Data for review:
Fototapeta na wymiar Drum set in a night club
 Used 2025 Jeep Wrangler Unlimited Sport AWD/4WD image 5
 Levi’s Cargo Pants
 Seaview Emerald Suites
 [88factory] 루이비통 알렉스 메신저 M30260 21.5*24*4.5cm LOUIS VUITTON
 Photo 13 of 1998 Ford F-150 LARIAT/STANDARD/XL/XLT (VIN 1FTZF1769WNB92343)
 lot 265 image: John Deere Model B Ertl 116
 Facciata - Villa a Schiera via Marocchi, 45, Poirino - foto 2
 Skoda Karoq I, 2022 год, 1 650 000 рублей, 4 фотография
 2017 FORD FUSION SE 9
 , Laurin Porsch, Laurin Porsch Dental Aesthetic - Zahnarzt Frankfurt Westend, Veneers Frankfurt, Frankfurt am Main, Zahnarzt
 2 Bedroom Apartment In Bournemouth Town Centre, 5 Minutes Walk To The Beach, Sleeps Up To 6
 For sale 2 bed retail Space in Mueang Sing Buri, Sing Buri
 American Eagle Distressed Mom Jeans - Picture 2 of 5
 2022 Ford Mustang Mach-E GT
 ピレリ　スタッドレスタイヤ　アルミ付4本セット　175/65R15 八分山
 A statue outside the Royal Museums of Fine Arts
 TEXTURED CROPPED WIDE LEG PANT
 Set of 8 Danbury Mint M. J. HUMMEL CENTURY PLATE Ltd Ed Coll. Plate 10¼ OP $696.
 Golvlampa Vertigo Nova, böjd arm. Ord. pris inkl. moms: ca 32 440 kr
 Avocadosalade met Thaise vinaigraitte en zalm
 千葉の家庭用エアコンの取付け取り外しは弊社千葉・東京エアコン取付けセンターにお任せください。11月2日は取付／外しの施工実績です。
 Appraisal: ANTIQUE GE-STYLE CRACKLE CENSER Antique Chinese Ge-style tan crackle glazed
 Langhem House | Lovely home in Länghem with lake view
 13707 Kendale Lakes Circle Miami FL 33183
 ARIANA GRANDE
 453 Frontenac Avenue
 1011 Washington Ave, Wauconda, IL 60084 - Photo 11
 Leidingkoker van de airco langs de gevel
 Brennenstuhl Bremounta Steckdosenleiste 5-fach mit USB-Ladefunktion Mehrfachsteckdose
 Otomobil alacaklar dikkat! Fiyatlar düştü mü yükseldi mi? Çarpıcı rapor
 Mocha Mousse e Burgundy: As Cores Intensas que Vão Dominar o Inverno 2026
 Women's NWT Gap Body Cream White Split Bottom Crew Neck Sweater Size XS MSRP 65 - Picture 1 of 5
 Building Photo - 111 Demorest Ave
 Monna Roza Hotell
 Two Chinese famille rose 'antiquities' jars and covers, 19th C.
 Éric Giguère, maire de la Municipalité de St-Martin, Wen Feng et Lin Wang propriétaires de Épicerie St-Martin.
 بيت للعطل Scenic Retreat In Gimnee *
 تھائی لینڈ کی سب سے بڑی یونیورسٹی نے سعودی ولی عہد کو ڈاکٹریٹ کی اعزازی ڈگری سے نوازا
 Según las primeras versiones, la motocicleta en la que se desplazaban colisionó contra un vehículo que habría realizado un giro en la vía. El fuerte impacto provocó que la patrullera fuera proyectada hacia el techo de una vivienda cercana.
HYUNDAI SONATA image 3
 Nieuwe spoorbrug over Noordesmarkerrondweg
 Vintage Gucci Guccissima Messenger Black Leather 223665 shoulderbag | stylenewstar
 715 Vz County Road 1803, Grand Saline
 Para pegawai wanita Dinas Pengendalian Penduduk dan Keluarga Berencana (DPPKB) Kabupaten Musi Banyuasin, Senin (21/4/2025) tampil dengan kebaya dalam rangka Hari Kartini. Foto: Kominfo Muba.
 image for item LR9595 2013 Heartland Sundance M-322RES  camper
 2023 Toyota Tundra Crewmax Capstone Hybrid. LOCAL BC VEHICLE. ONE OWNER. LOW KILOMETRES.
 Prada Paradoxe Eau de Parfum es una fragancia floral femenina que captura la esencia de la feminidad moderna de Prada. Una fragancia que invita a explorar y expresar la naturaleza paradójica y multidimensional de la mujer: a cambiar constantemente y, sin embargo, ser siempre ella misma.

What is needed: Set down the entries above again, word for word.

Output for this exercise:
Fototapeta na wymiar Drum set in a night club
 Used 2025 Jeep Wrangler Unlimited Sport AWD/4WD image 5
 Levi’s Cargo Pants
 Seaview Emerald Suites
 [88factory] 루이비통 알렉스 메신저 M30260 21.5*24*4.5cm LOUIS VUITTON
 Photo 13 of 1998 Ford F-150 LARIAT/STANDARD/XL/XLT (VIN 1FTZF1769WNB92343)
 lot 265 image: John Deere Model B Ertl 116
 Facciata - Villa a Schiera via Marocchi, 45, Poirino - foto 2
 Skoda Karoq I, 2022 год, 1 650 000 рублей, 4 фотография
 2017 FORD FUSION SE 9
 , Laurin Porsch, Laurin Porsch Dental Aesthetic - Zahnarzt Frankfurt Westend, Veneers Frankfurt, Frankfurt am Main, Zahnarzt
 2 Bedroom Apartment In Bournemouth Town Centre, 5 Minutes Walk To The Beach, Sleeps Up To 6
 For sale 2 bed retail Space in Mueang Sing Buri, Sing Buri
 American Eagle Distressed Mom Jeans - Picture 2 of 5
 2022 Ford Mustang Mach-E GT
 ピレリ　スタッドレスタイヤ　アルミ付4本セット　175/65R15 八分山
 A statue outside the Royal Museums of Fine Arts
 TEXTURED CROPPED WIDE LEG PANT
 Set of 8 Danbury Mint M. J. HUMMEL CENTURY PLATE Ltd Ed Coll. Plate 10¼ OP $696.
 Golvlampa Vertigo Nova, böjd arm. Ord. pris inkl. moms: ca 32 440 kr
 Avocadosalade met Thaise vinaigraitte en zalm
 千葉の家庭用エアコンの取付け取り外しは弊社千葉・東京エアコン取付けセンターにお任せください。11月2日は取付／外しの施工実績です。
 Appraisal: ANTIQUE GE-STYLE CRACKLE CENSER Antique Chinese Ge-style tan crackle glazed
 Langhem House | Lovely home in Länghem with lake view
 13707 Kendale Lakes Circle Miami FL 33183
 ARIANA GRANDE
 453 Frontenac Avenue
 1011 Washington Ave, Wauconda, IL 60084 - Photo 11
 Leidingkoker van de airco langs de gevel
 Brennenstuhl Bremounta Steckdosenleiste 5-fach mit USB-Ladefunktion Mehrfachsteckdose
 Otomobil alacaklar dikkat! Fiyatlar düştü mü yükseldi mi? Çarpıcı rapor
 Mocha Mousse e Burgundy: As Cores Intensas que Vão Dominar o Inverno 2026
 Women's NWT Gap Body Cream White Split Bottom Crew Neck Sweater Size XS MSRP 65 - Picture 1 of 5
 Building Photo - 111 Demorest Ave
 Monna Roza Hotell
 Two Chinese famille rose 'antiquities' jars and covers, 19th C.
 Éric Giguère, maire de la Municipalité de St-Martin, Wen Feng et Lin Wang propriétaires de Épicerie St-Martin.
 بيت للعطل Scenic Retreat In Gimnee *
 تھائی لینڈ کی سب سے بڑی یونیورسٹی نے سعودی ولی عہد کو ڈاکٹریٹ کی اعزازی ڈگری سے نوازا
 Según las primeras versiones, la motocicleta en la que se desplazaban colisionó contra un vehículo que habría realizado un giro en la vía. El fuerte impacto provocó que la patrullera fuera proyectada hacia el techo de una vivienda cercana.
HYUNDAI SONATA image 3
 Nieuwe spoorbrug over Noordesmarkerrondweg
 Vintage Gucci Guccissima Messenger Black Leather 223665 shoulderbag | stylenewstar
 715 Vz County Road 1803, Grand Saline
 Para pegawai wanita Dinas Pengendalian Penduduk dan Keluarga Berencana (DPPKB) Kabupaten Musi Banyuasin, Senin (21/4/2025) tampil dengan kebaya dalam rangka Hari Kartini. Foto: Kominfo Muba.
 image for item LR9595 2013 Heartland Sundance M-322RES  camper
 2023 Toyota Tundra Crewmax Capstone Hybrid. LOCAL BC VEHICLE. ONE OWNER. LOW KILOMETRES.
 Prada Paradoxe Eau de Parfum es una fragancia floral femenina que captura la esencia de la feminidad moderna de Prada. Una fragancia que invita a explorar y expresar la naturaleza paradójica y multidimensional de la mujer: a cambiar constantemente y, sin embargo, ser siempre ella misma.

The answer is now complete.